Jim Guigli of Carmichael submitted 64 entries into the contest. The judges were most impressed, or revolted perhaps, by his passage about a comely woman who walks into a detective's office.
"Detective Bart Lasiter was in his office studying the light from his one small window falling on his super burrito when the door swung open to reveal a woman whose body said you've had your last burrito for a while, whose face said angels did exist, and whose eyes said she could make you dig your own grave and lick the shovel clean," Guigli wrote.
"The judges were impressed by his appalling powers of invention," said Scott Rice, a professor in SJSU's Department of English and Comparative Literature. He has organized the bad writing contest since its inception in 1982.
Guigli will receive "a pittance" for his winning entry, a bit of cash he said he may put toward the purchase of a motor boat.

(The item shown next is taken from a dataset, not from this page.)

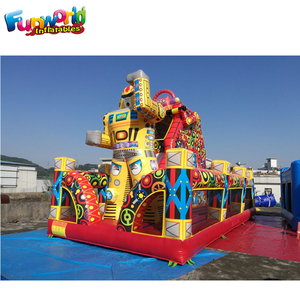 Venta de Castillos Inflables Comerciales, <span class=keywords><strong>Castillo</strong></span> Inflable Robótico para Niños con Toboganes, Venta al por Mayor - Product Image 3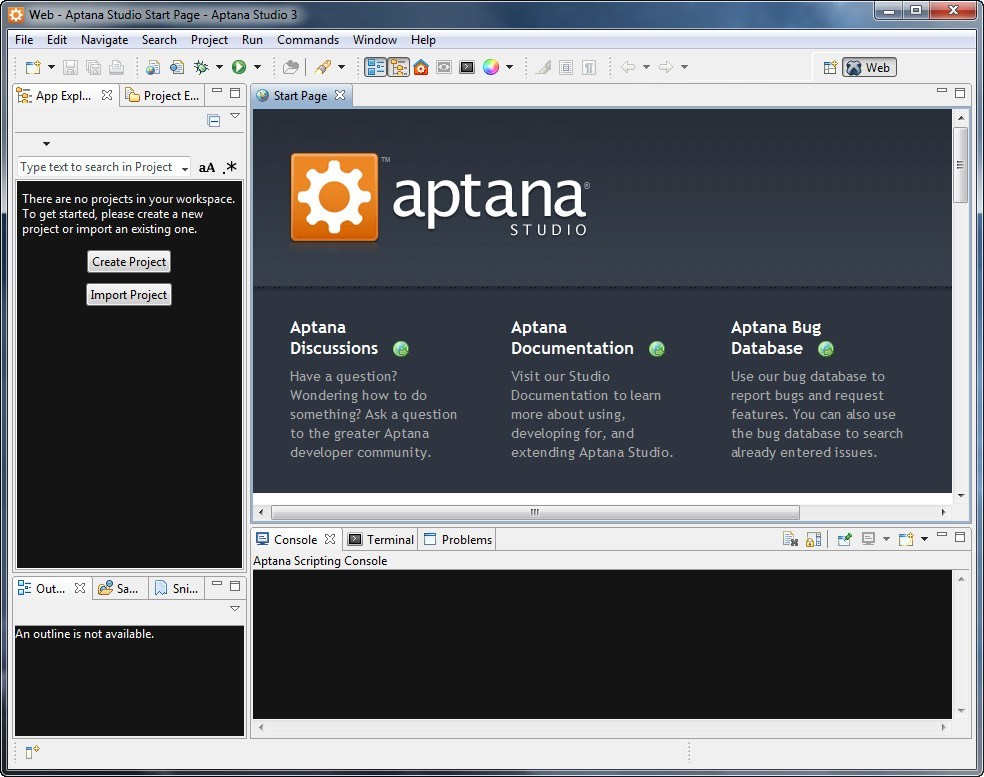 aptana studio 3 windows download error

His work for the contest represents a sampling of a career that never quite developed for him.
"At one time I thought I wanted to write to detective novels," Guigli told the Associated Press Monday. "I never got a good start on it."
His bad start was to be celebrated Tuesday, when the contest results were to be officially announced by Rice.
The contest is named for Edward George Bulwer-Lytton, whose 1830 novel "Paul Clifford" began with the oft-mocked, "It was a dark and stormy night."